The Hangzhou Metro () is a rapid transit system that serves Hangzhou in Zhejiang province, China. The system opened on November 24, 2012. It is the 17th city in China to operate a rapid transit system.

Network

Metro

Commuter rail

Description
There are currently 13 lines (12 metro lines and 1 commuter rail) in operation. The adjacent Shaoxing Metro connects the system at Guniangqiao station of Line 5.
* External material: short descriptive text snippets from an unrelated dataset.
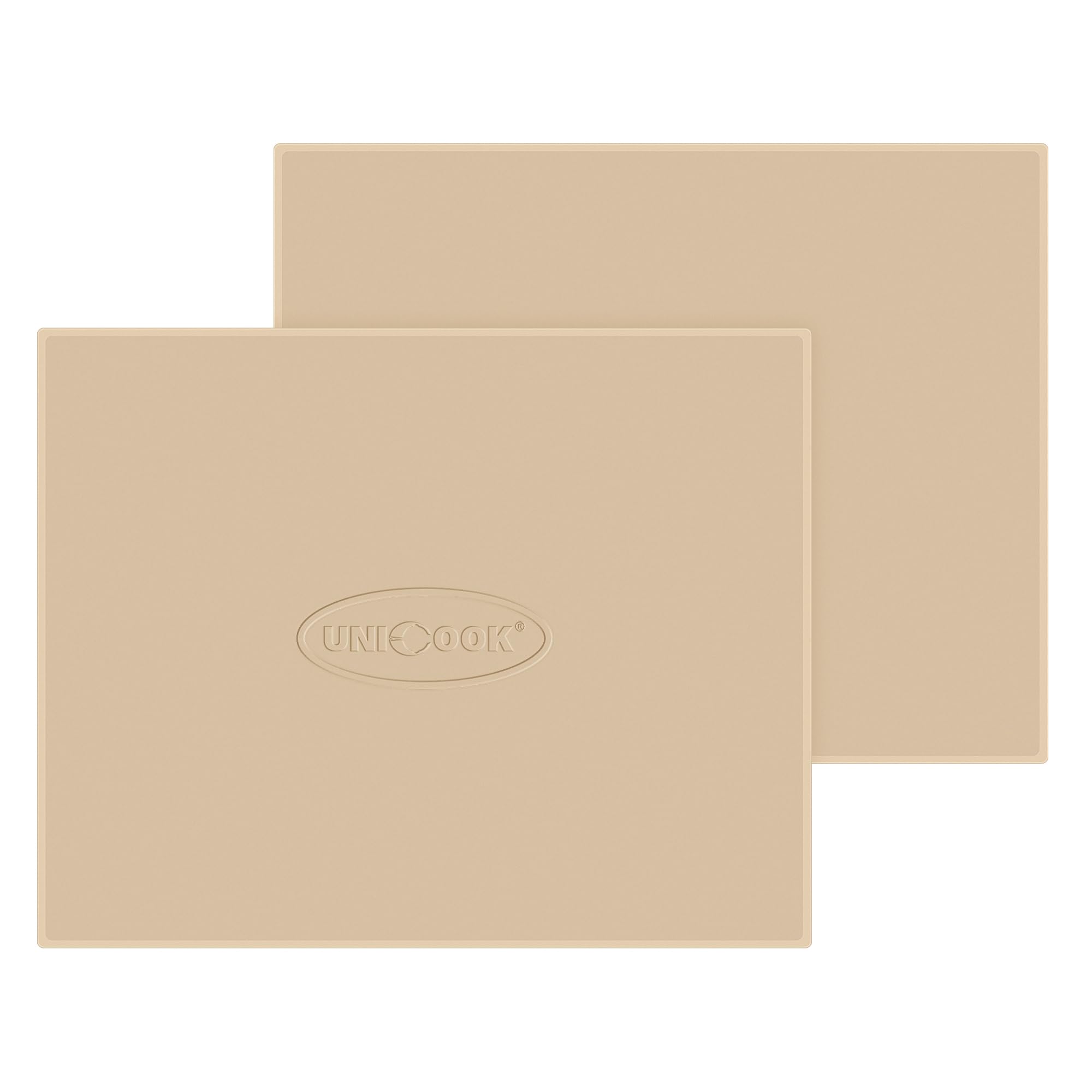 Unicook 2-Pack Rectangular Pizza Stone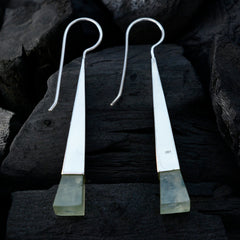 Ayaka Green Solitaire Dangle Earrings for Chic Style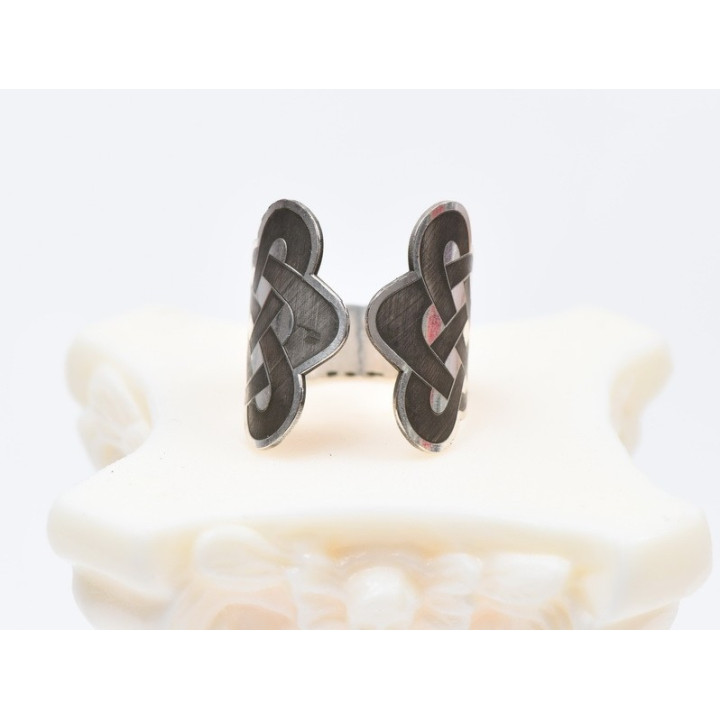 E1551 G Inel argint "Simboluri celtice"  reglabil , 0.6mm 1 buc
 Line 1 is an arc-shaped line, begins at Xianghu in Xiaoshan, stretches across downtown Hangzhou after crossing the Qiantang River and ends at Hangzhou Xiaoshan Int'l Airport. It connects West Lake, Hangzhou Railway Station, Hangzhou East Railway Station, Xiasha Higher Education Park and the Airport. It used to have a branch line to Linping District, which became part of Line 9 in July 2021.
 Line 2 links the Xiaoshan Industrial Park with Qianjiang Century City, Downtown Hangzhou and Liangzhu in Yuhang District. It runs in northwest–southeast direction.
 Line 3 begins in Xingqiao subdistrict in Linping District, runs in northeast–southwest direction and terminates at Wushanqiancun, North of Hangzhou West Railway Station. A branch commence near Xixi Wetland and connects Xiaoheshan Higher Education Park.
 Line 4 is a "?" shaped line that stretching from Puyan to Chihua Street in north Sandunzhen in Xihu District. It connects Puyan, West Lake scenic area south, Qianjiang New City, Hangzhou East Railway Station and several residential areas in the north part of the city.
 Line 5 is a "Z" shaped line stretching from Future Sci-Tech City in Yuhang District, passing multiple areas in the downtown and ends near Hangzhou-Shaoxing city limit. It provides multiple points of transfer and it is one of the busiest line in the system, serving more than 500,000 passengers per day.
 Line 6 connects Fuyang District with Olympic Sports Park, Qianjiang Century City, Asian Games Village and the Hangzhou East Railway Station. It is one of two metro lines linking the main venue of 2022 Asian Games.
 Line 7 links the West Lake with Qianjiang New City, Olympic Sports Park, Hangzhou Xiaoshan Int'l Airport and Dajiangdong Industrial Park.
 Line 8 provides a link between Xiasha Higher Education Park and Dajiangdong Industrial Park.
 Line 9 provides a link between Qianjiang New City and Linping District. The section between Linping and Coach Center was part of Line 1 until 10 July 2021.
 Line 10 provides a North–South link between Huanglong Sports Center and Renhe subdistrict in Yuhang. It plans to connect Hangzhou-Deqing Intercity Rail in the future.
 Line 16 is an express metro line linking Lin'an District with Yuhang District.
 Line 19 is an express metro line linking Hangzhou West Railway Station, Hangzhou East Railway Station and Hangzhou Xiaoshan International Airport.
 Hanghai line is a commuter rail line which links Linping District in Hangzhou with Haining in Jiaxing, passing multiple towns as well as the famous China Leather City.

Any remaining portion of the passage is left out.